What is being asked: From the listing that follows, extract every line and set it down unaltered.

Information given:
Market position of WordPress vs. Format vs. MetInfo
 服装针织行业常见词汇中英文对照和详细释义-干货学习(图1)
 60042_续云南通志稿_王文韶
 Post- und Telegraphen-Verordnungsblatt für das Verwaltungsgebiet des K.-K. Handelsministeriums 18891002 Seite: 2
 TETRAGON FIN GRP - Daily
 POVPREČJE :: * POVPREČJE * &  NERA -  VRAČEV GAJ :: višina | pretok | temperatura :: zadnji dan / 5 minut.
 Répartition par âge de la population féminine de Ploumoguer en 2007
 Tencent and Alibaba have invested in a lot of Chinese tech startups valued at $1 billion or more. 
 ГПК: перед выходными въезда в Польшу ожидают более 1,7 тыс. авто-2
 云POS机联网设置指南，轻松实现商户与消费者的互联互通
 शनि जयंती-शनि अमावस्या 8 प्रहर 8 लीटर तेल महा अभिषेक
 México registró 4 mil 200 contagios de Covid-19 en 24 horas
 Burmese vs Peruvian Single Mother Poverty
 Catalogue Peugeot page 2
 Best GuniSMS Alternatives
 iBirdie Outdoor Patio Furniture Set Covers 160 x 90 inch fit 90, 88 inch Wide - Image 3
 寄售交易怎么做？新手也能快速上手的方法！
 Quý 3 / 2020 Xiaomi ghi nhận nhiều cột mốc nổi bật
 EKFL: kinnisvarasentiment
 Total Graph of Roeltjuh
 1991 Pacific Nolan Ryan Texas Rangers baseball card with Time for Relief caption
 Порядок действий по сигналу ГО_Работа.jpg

Answer to this exercise:
Market position of WordPress vs. Format vs. MetInfo
 服装针织行业常见词汇中英文对照和详细释义-干货学习(图1)
 60042_续云南通志稿_王文韶
 Post- und Telegraphen-Verordnungsblatt für das Verwaltungsgebiet des K.-K. Handelsministeriums 18891002 Seite: 2
 TETRAGON FIN GRP - Daily
 POVPREČJE :: * POVPREČJE * &  NERA -  VRAČEV GAJ :: višina | pretok | temperatura :: zadnji dan / 5 minut.
 Répartition par âge de la population féminine de Ploumoguer en 2007
 Tencent and Alibaba have invested in a lot of Chinese tech startups valued at $1 billion or more. 
 ГПК: перед выходными въезда в Польшу ожидают более 1,7 тыс. авто-2
 云POS机联网设置指南，轻松实现商户与消费者的互联互通
 शनि जयंती-शनि अमावस्या 8 प्रहर 8 लीटर तेल महा अभिषेक
 México registró 4 mil 200 contagios de Covid-19 en 24 horas
 Burmese vs Peruvian Single Mother Poverty
 Catalogue Peugeot page 2
 Best GuniSMS Alternatives
 iBirdie Outdoor Patio Furniture Set Covers 160 x 90 inch fit 90, 88 inch Wide - Image 3
 寄售交易怎么做？新手也能快速上手的方法！
 Quý 3 / 2020 Xiaomi ghi nhận nhiều cột mốc nổi bật
 EKFL: kinnisvarasentiment
 Total Graph of Roeltjuh
 1991 Pacific Nolan Ryan Texas Rangers baseball card with Time for Relief caption
 Порядок действий по сигналу ГО_Работа.jpg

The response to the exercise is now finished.